# Door County - purchase question!?!?!?



## Culli (Mar 19, 2011)

Looking at all the normal places and I can't find any summer weeks in Door County.  Only thing I found was from a developer and they were pretty outrageous.  I did just put a "wish" ad on tug.

I know this is high demand place but will I expect some heavy duty asking prices?  I was thinking with the economy and timeshares going for next to nothing I should be able to find something reasonable.  Heck I can't find hardly ANYTHING!

This is a really hard trade area for summer, people can get top dollar for rentals in this area...........hmmmm maybe that is the same answer for buying in!?

Anyone else that was looking find the same problem?   Has anyone recently bought in this area for summer?  What did you get, where and was it $$$$$ or did you get good deal?

I believe in the buy where you want to stay but I also don't want to drop silly crazy money to get what I want.


----------



## siesta (Mar 19, 2011)

door county is a great drive to location for us folks in chicago (or FIB's as your state police like to call us).  I don't know of many timeshares in the area, and the majority of people purchasing a timeshare in that area are most likely going to use it every summer, and I would expect any resales to reflect that demand.  

We often spend a few days to a week every summer in Door County, and always rent a house, and the prices are reasonable.  The great outdoors is always a pleasant break from the hustle and bustle of the city.


----------



## DebBrown (Mar 19, 2011)

I'm not surprised.  There are so few timeshares with a pretty narrow peak season.  All I can say is to keep watching.

Deb


----------



## rapmarks (Mar 19, 2011)

last year we made a late May trade into the Waterbury Inn in Ephraim, and discovered we could have rented it for less than our costs with maintenance fee and exchange fee.  those rates were in effect til late june.  some of the timeshares there have extremely small rooms, I am talking camper size and i bet you can get a rental at them.


----------



## Culli (Mar 23, 2011)

Found a few resales but think they are running through the resort.  They are asking in the $15k-23k range a week!  I might just throw what I feel a reasonable offer in and see what happens.  But if that is all I can find, will rent or just go elsewhere.


----------



## Timeshare Von (Mar 23, 2011)

siesta said:


> door county is a great drive to location for us folks in chicago (or FIB's as your state police like to call us).

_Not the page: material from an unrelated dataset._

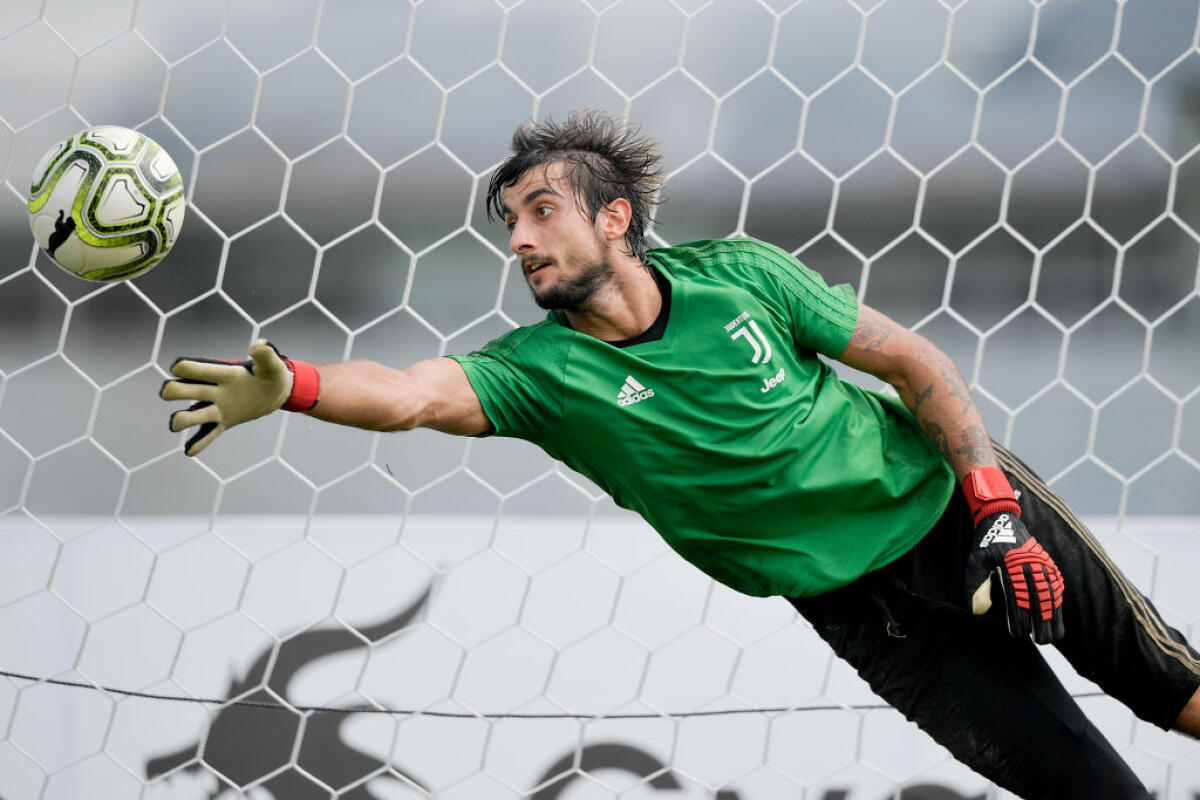 Da Torino, la Juventus per Chiesa offre alla Fiorentina anche il cartellino di Mattia Perin - BASKING RIDGE, NJ - AUGUST 03:  Juventus player Mattia Perin during a Juventus training session at Pingry School on August 3, 2018 in Basking Ridge, New Jersey.  (Photo by Daniele Badolato - Juventus FC/Juventus FC via Getty Images)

LOL - not just the WI cops.  When I moved here in 1994 I heard the term on a traffic radio report and had to ask someone what it meant.  How embarrassing!  I think every state has their own version of a "F _ B".  I have just never heard referenced on public airways.

Von


----------



## rapmarks (Mar 23, 2011)

also referred to as FISH with the F and the I having the same meaning.


----------



## siesta (Mar 23, 2011)

> LOL - not just the WI cops.


 I don't blame them. We FIB's speed when in town, are often seen as "rude", and most importantly we buy up all the prime lake front property, especially around Lake Geneva.


----------



## Timeshare Von (Mar 24, 2011)

Well at the risk of hijacking this thread, while Illinois' drivers are not the friendliest (especially with those of us with Cheesehead plates on the car), I can say that they are nothing as compared to some on the east coast including Long Island, Boston and anywhere in Maryland


----------



## northwoodsgal (Mar 24, 2011)

My guess is that summer Door County is still that much in demand.  I would imagine owners can rent out their units for more than maintenance fees so what incentive do they have to sell?  I'm just speculating though..


----------



## Culli (Mar 24, 2011)

northwoodsgal said:


> My guess is that summer Door County is still that much in demand.  I would imagine owners can rent out their units for more than maintenance fees so what incentive do they have to sell?  I'm just speculating though..



I agree, on the flip side if someone is looking to sell I don't see people lining up to drop $15-20-k.  I may throw a $2000 offer and see if anyone bites, if not it is cheaper to rent.


----------



## brucecz (Mar 27, 2011)

When we bought 6 years ago at the Rushes the weeks 26 to 35 were going for a average of $15,00 to $20,000 and one directly throught Tom at the resort said was close to $30,000. 

The resort developer has been out of there for years and the resort is the best run of any of the 20  or more resorts out of the more than the 50 ownerships we have owned,

Someone on Tug a year or so ago bought a week 23, 24 or 25 off of ebay for a great price.  We offered them more than they paid for it but they kept it.

Another friend bought a white or blue week at the Rushes against my advice and then use it.  The reason is not the resort but they hold a drawing for assigning the white and blue weeks. 

Times are differant but the MF's have not risen much and with the free sail boat, windsurfing boards, private garages and only 48 units do not exspect to find a prime summer week for $2,000.  If you do call me and I will give you $3,000 or more depending on the summer week.

The resort charges more that than  $2,100 for a summer week rental and owners a bit less. This year our week 26 is a fourth of July week.

Our Rushes supposely has a rCI 1 in 4 rule so we exchanged back into it for a week 35? in August a year or the year before after renting out our week. 

There are very few prime summer weeks for sale by owners on various websites, but they are out there.

Bruce


----------



## brucecz (May 24, 2011)

I was watching and now own labor day week 35  in a water front-veiw unit that is now in our trusts name. 2 Rushes ownerships are better that one,

Bruce


----------



## Culli (May 24, 2011)

brucecz said:


> I was watching and now own labor day week 35  in a water front-veiw unit that is now in our trusts name. 2 Rushes ownership are better that one,
> 
> Bruce



If you don't mind sharing what did it cost?


----------



## brucecz (May 24, 2011)

Culli said:


> If you don't mind sharing what did it cost?



Sorry not at this time on the site for several reasons. I will say that it was for a fair amount less than the on the Rushes site for a similar week 35. 

 Bruce


----------